When writing out the entries below, keep only the lines from the line with "酵色 琥珀唇釉彩妆套装 哑光" to the line with "葛斯齊收到傳票，打去法院詢問得知是汪小菲的律師提告他。（翻攝自葛斯齊臉書）", both included, exactly as they are, and leave the pictures aside.

The records —
+++++

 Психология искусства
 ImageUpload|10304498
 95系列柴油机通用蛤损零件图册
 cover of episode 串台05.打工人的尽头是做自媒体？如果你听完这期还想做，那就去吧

+++++

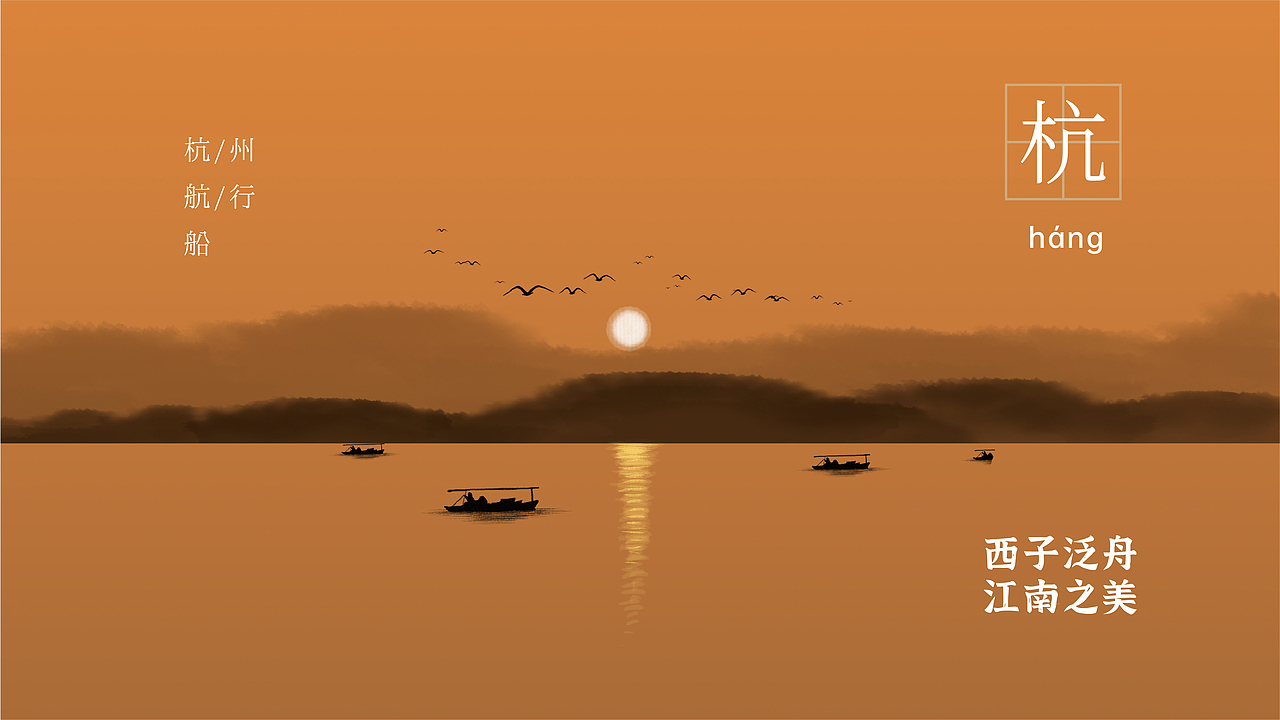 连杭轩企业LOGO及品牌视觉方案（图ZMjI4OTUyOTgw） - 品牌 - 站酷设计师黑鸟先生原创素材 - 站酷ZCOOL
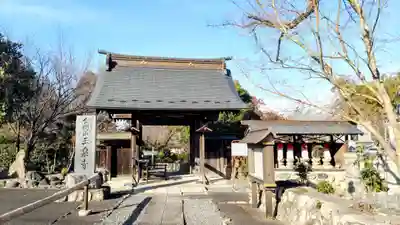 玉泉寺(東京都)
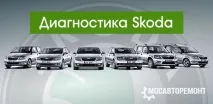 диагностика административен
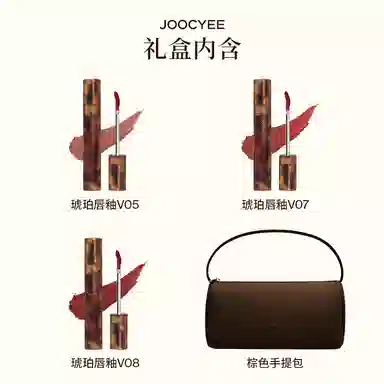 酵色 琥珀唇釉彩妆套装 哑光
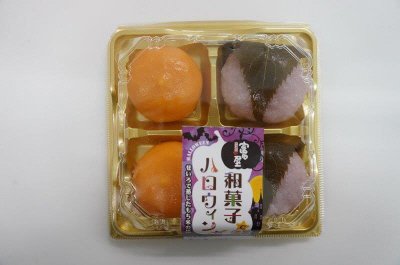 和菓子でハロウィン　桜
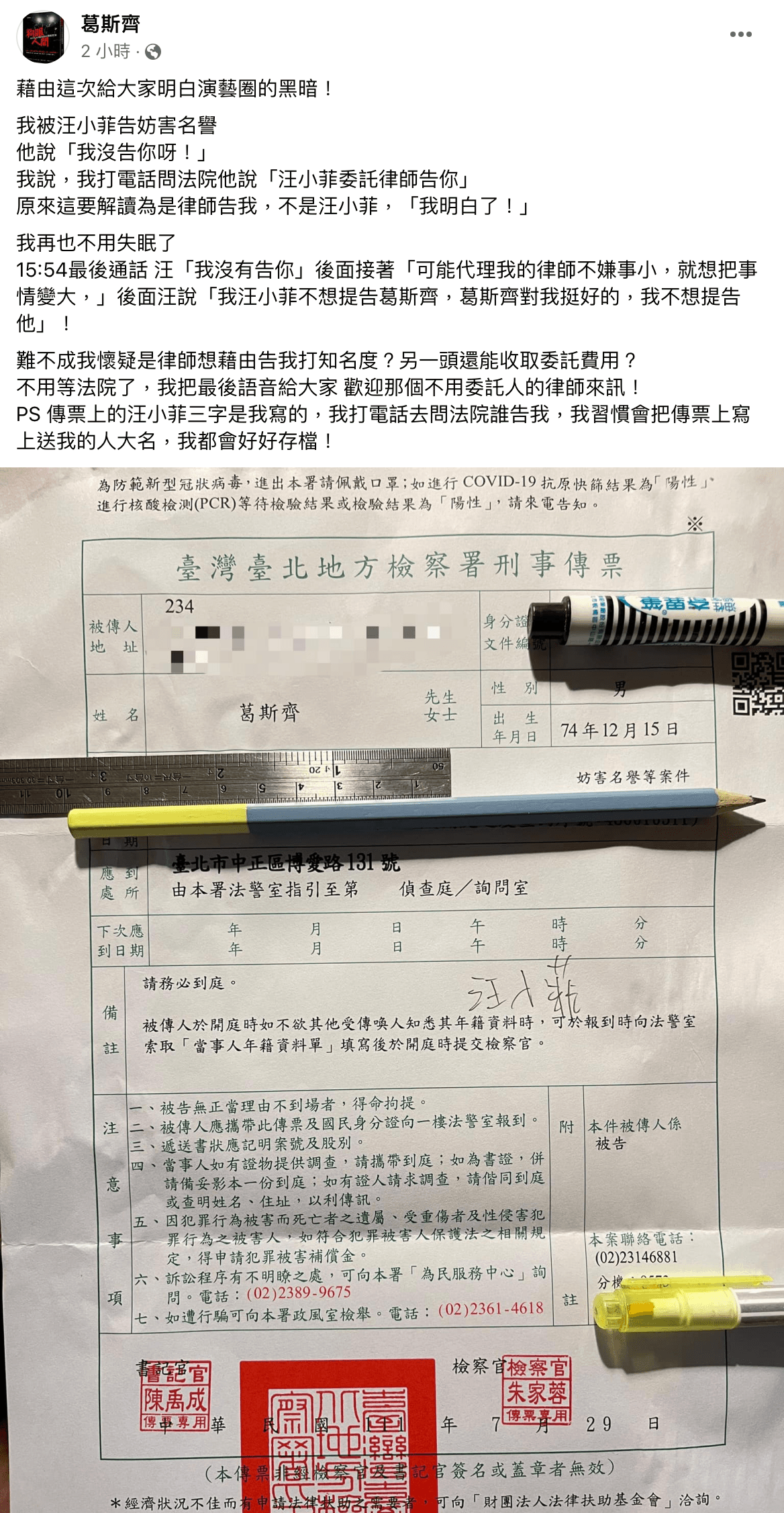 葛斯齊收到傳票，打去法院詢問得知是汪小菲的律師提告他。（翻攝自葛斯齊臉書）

+++++

Reply —
 酵色 琥珀唇釉彩妆套装 哑光
 和菓子でハロウィン　桜
 葛斯齊收到傳票，打去法院詢問得知是汪小菲的律師提告他。（翻攝自葛斯齊臉書）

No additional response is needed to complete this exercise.